### [Information]
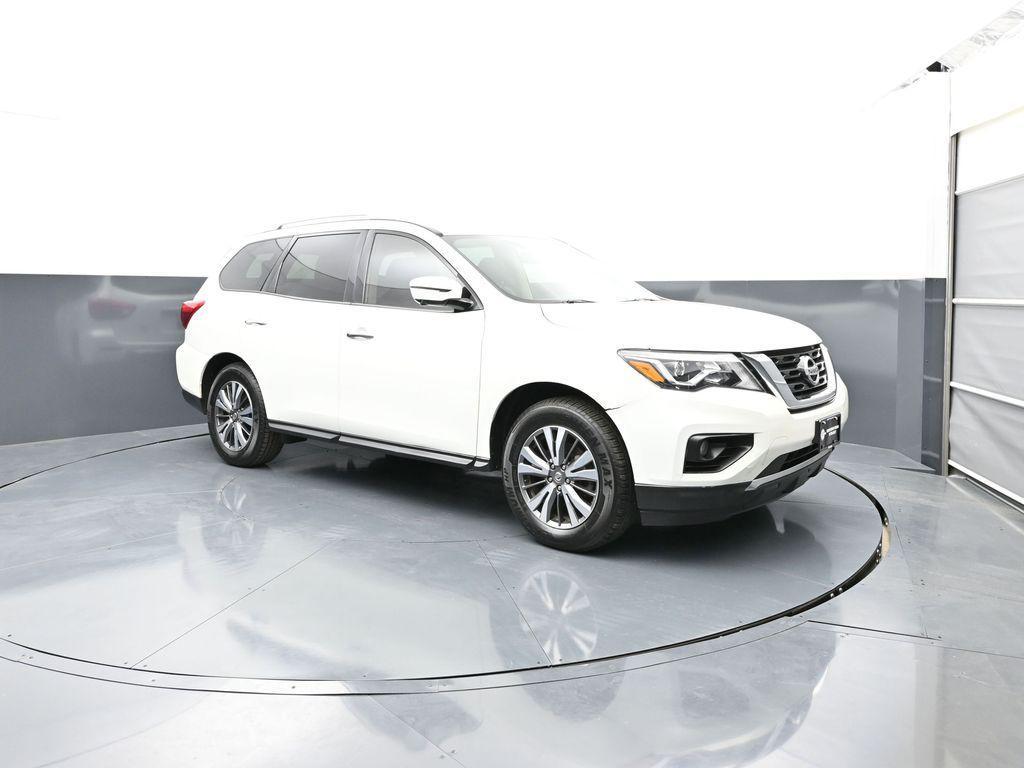 used 2019 Nissan Pathfinder car, priced at $12,104
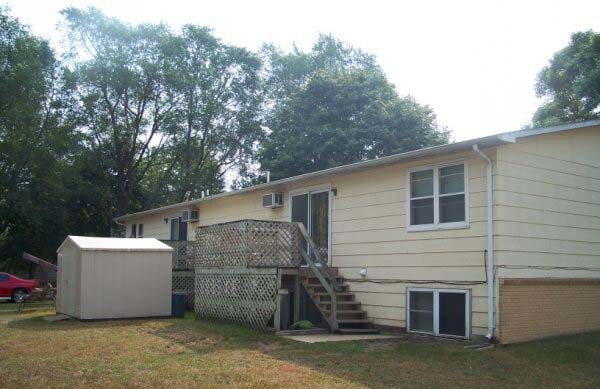 Larson Apartments in Graettinger, IA - Foto de edificio - Building Photo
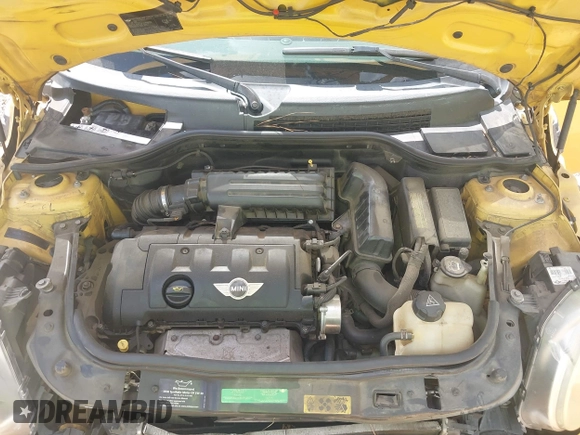 2007 MINI Hardtop with VIN WMWMF33557TT56622, listed as a IAAI auction lot 42227758 with 145,258 mi miles and . Bid and sale history available at DreamBid. Image 10.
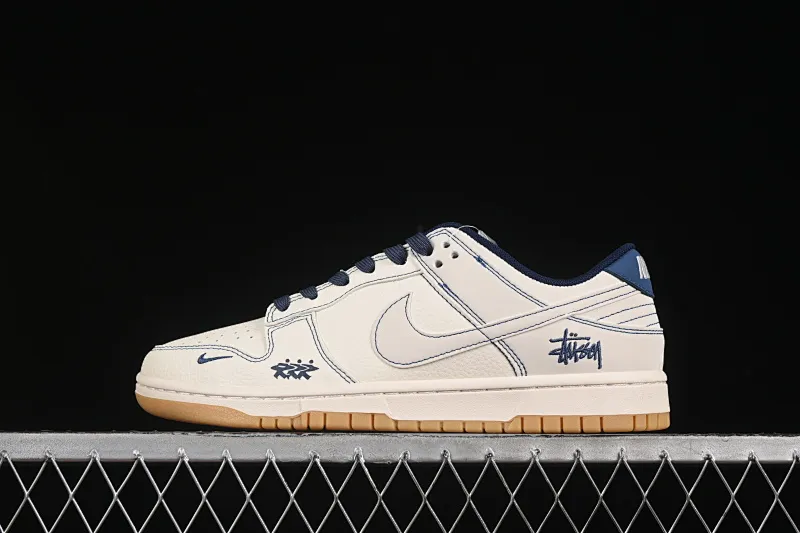 All categories Nk SB Dunk Series Nk SB Dunk Low High-end customized low-top sneakers Nike SB Dunk Low Stusi co-branded Blue line raw rubber Anniversary high-end customized low-top casual sneakers JJ2508-559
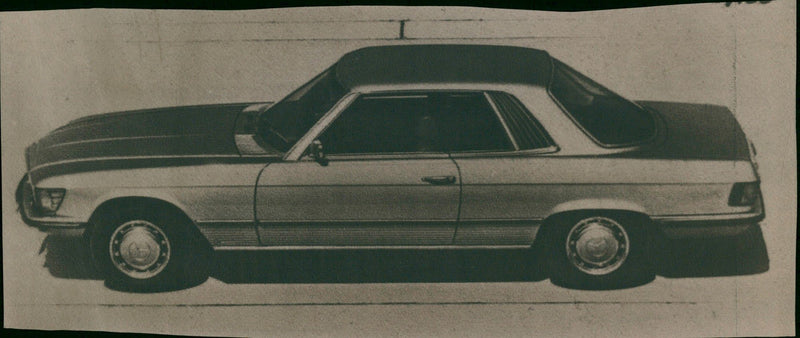 Mercedes-Benz Coupé 350 SLC - Vintage Photograph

### [What needs to be done]
Set down exactly, with no additions, each line from the line that includes "Larson Apartments in" to the final line of the entries above; leave pictures out.

### [Written response]
 Larson Apartments in Graettinger, IA - Foto de edificio - Building Photo
 2007 MINI Hardtop with VIN WMWMF33557TT56622, listed as a IAAI auction lot 42227758 with 145,258 mi miles and . Bid and sale history available at DreamBid. Image 10.
 All categories Nk SB Dunk Series Nk SB Dunk Low High-end customized low-top sneakers Nike SB Dunk Low Stusi co-branded Blue line raw rubber Anniversary high-end customized low-top casual sneakers JJ2508-559
 Mercedes-Benz Coupé 350 SLC - Vintage Photograph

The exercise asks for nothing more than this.